Uma pesquisa feita em 1992 e 1993 demonstrou que a televisão apresenta programas com oito cenas de violência por hora. Essas cenas são transmitidas e retransmitidas pelas emissoras de TV em todo o país, atingindo 99% do território nacional.

Coincidentemente ou não, a violência urbana tem aumentado nos últimos anos. O Instituto Brasileiro de Geografia e Estatística (IBGE) apontou o aumento dos índices de pobreza relacionando-o com o crescimento da criminalidade: 32 milhões de adolescentes vivem na miséria, 18 milhões de pessoas com mais de 15 anos são analfabetas.

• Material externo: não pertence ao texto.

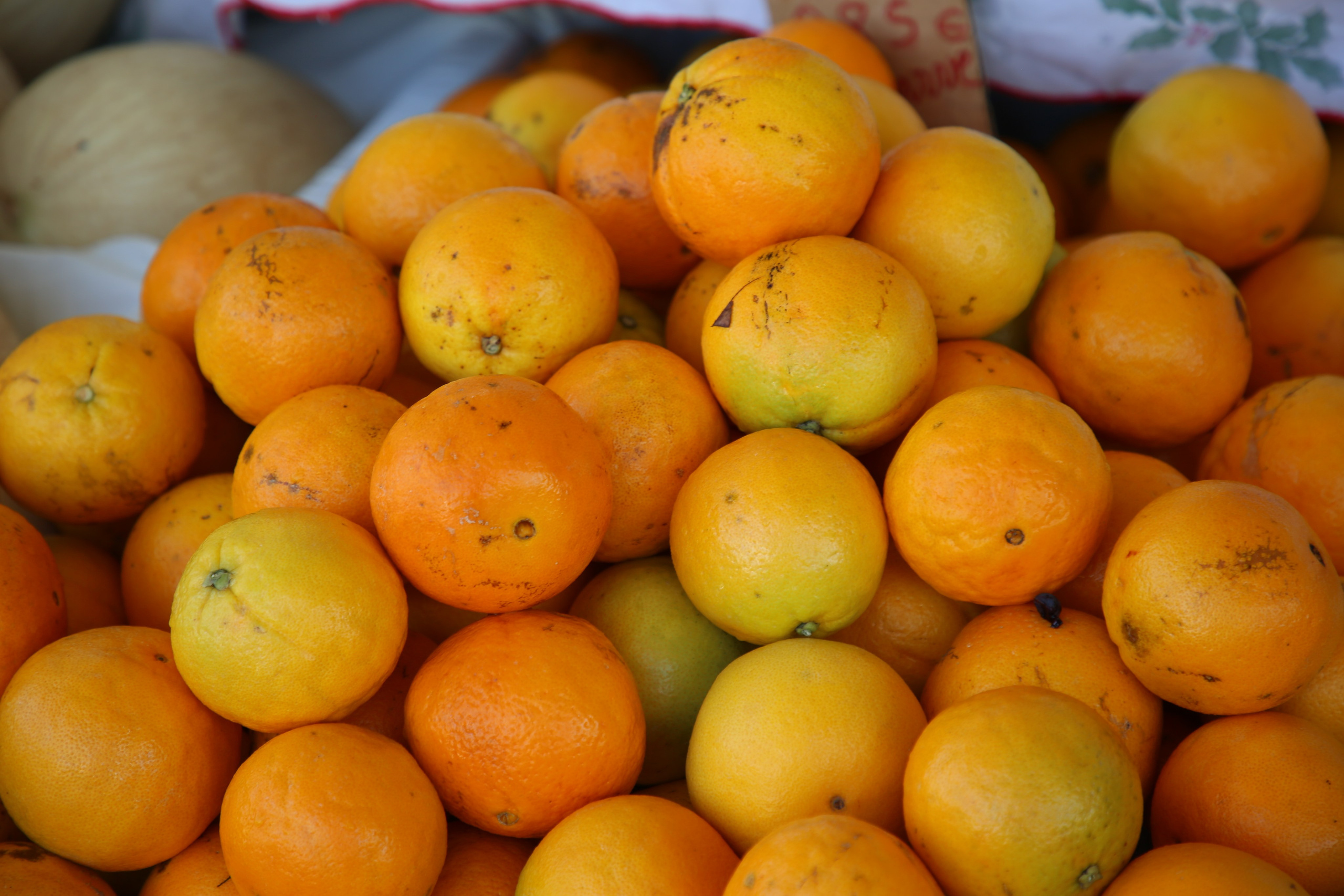 Espihnio, Portugal. Andrey Filippov Photographer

A violência na Grande São Paulo cresceu 47% na segunda metade da década de 1990. Todos os dias são assassinadas de doze a quinze pessoas nessa metrópole.


Dados mais recentes, de pesquisa realizada por instituições ligadas à ONU, indicam que grande parte dos 30 mil homicídios por ano que ocorrem no Brasil estão ligados ao tráfico e ao consumo de drogas. Cerca de 20 mil jovens entre 10 e 16 anos são usados pelos traficantes como "aviõezinhos", como são chamados os entregadores de drogas. Essas crianças recebem entre 300 e 500 dólares por mês. Isso é incomparavelmente mais rendoso do que qualquer emprego que possam arrumar.

Nos últimos dez anos o consumo de anfetaminas no mundo cresceu 150%, o de maconha, 325%, e o de cocaína, cerca de 700%. A rentabilidade da cocaína é maior do que qualquer outra atividade econômica, legal ou ilegal. Os governos recentes têm feito algum esforço para integrar mais de 50 milhões de pessoas que sobrevivem com menos de 2 dólares por dia, mas os efeitos são demorados e ainda pequenos.

Certamente, a violência não pode ser explicada unicamente pela atuação dos meios de comunicação ou creditada às privações materiais. Mas ambas têm contribuído bastante para a desvalorização da vida e dos direitos humanos. Em vários programas de televisão vemos isso. Programas diários de reportagens em que os bandidos, quase sempre pobres e afro-descendentes (pardos, na linguagem policial-jornalística), são perseguidos de forma violenta e submetidos ao julgamento público. Ou então vemos as disputas da vida privada dos pobres, que já não confiam na justiça oficial, mostradas por apresentadores que humilham publicamente as pessoas.

É essa situação de desesperança que acaba por incentivar comportamentos místicos. Por isso, não é difícil entendermos a razão do surgimento, nas últimas décadas, de grupos religiosos, especialmente o que chamamos de "pastores eletrônicos", com longas horas de programas no rádio e na televisão. É notável também o refúgio na astrologia, nos adivinhos, nos tarólogos, na literatura de auto-ajuda.

Pode-se perceber, a partir daí, que a concentração dos meios de comunicação nas mãos da elite transforma-se em poderosa arma política. Com certeza a democratização dos meios de comunicação contribuiria para uma possível reversão desse quadro.

PEDRO, Antonio et alli. História da civilização Ocidental. São Paulo: FTD, 2005. p. 523-524.